● **Exercise**
Your copy starts at the line containing "prochain hivernage. Kaolack" and ends at the last line below. Copy exactly, without pictures.

● **Source data**

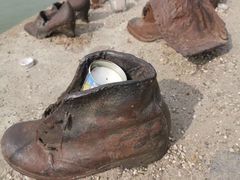 -多瑙河畔鞋履雕塑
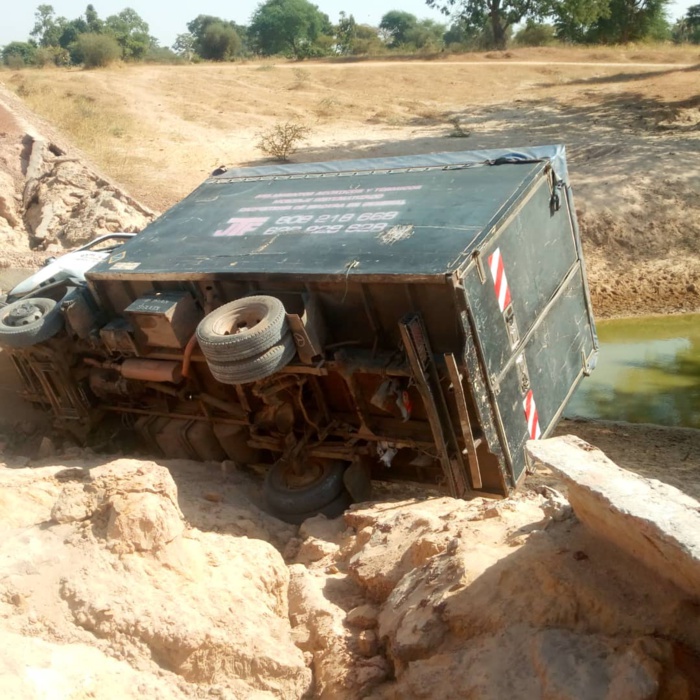 Kaolack / Mbadakhoune : Un camion endommage le pont... La population très remontée, exige sa réhabilitation avant le prochain hivernage. Kaolack / Mbadakhoune : Un camion endommage le pont... La population très remontée, exige sa réhabilitation avant le prochain hivernage.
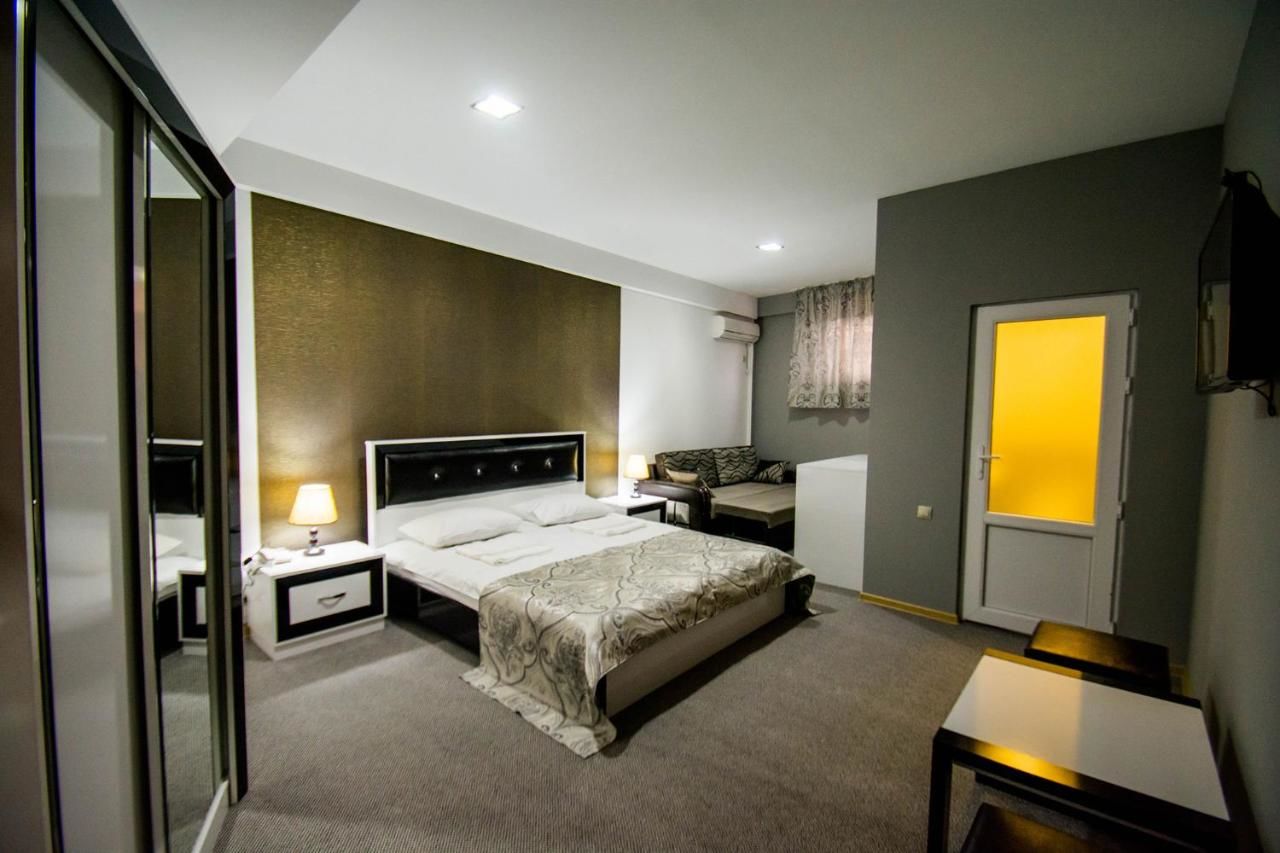 Отель Hotel Batoni Near Airport Тбилиси-30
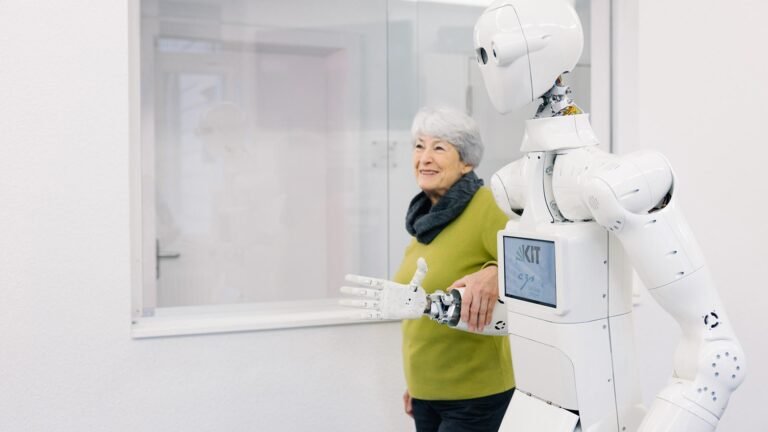 Navarra apuesta por la robótica para mejorar la autonomía de las personas mayores con discapacidad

● **Result for this exercise**
 Kaolack / Mbadakhoune : Un camion endommage le pont... La population très remontée, exige sa réhabilitation avant le prochain hivernage. Kaolack / Mbadakhoune : Un camion endommage le pont... La population très remontée, exige sa réhabilitation avant le prochain hivernage.
 Отель Hotel Batoni Near Airport Тбилиси-30
 Navarra apuesta por la robótica para mejorar la autonomía de las personas mayores con discapacidad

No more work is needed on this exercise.